◆ Exercise objective
Return every line of the data below exactly, but do not include the images.

◆ Given information
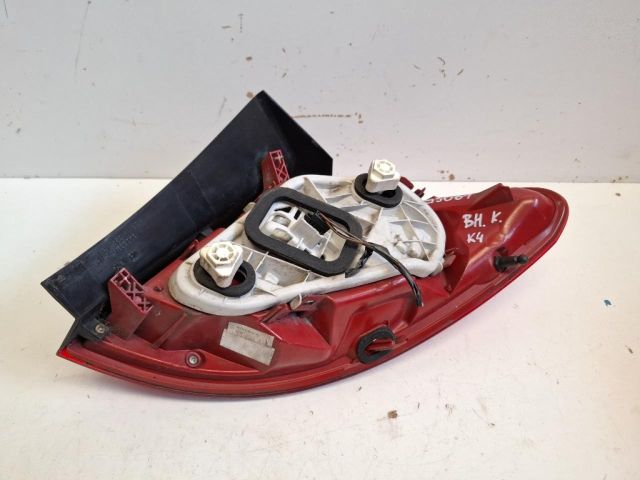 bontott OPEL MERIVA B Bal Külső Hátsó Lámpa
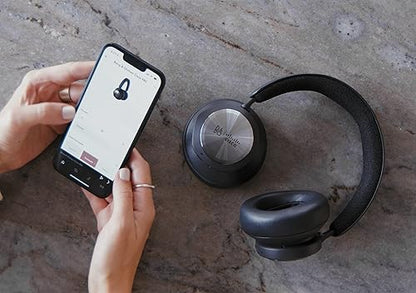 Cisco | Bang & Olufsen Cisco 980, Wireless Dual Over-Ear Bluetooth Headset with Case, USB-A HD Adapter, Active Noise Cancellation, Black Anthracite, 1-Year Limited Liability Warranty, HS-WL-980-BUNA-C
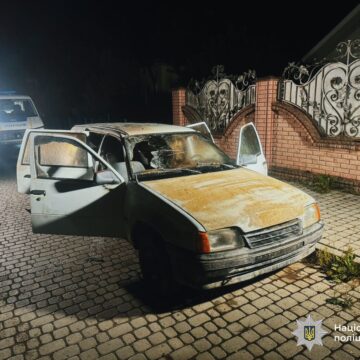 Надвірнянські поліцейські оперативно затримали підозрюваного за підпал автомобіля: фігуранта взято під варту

◆ Answer space
 bontott OPEL MERIVA B Bal Külső Hátsó Lámpa
 Cisco | Bang & Olufsen Cisco 980, Wireless Dual Over-Ear Bluetooth Headset with Case, USB-A HD Adapter, Active Noise Cancellation, Black Anthracite, 1-Year Limited Liability Warranty, HS-WL-980-BUNA-C
 Надвірнянські поліцейські оперативно затримали підозрюваного за підпал автомобіля: фігуранта взято під варту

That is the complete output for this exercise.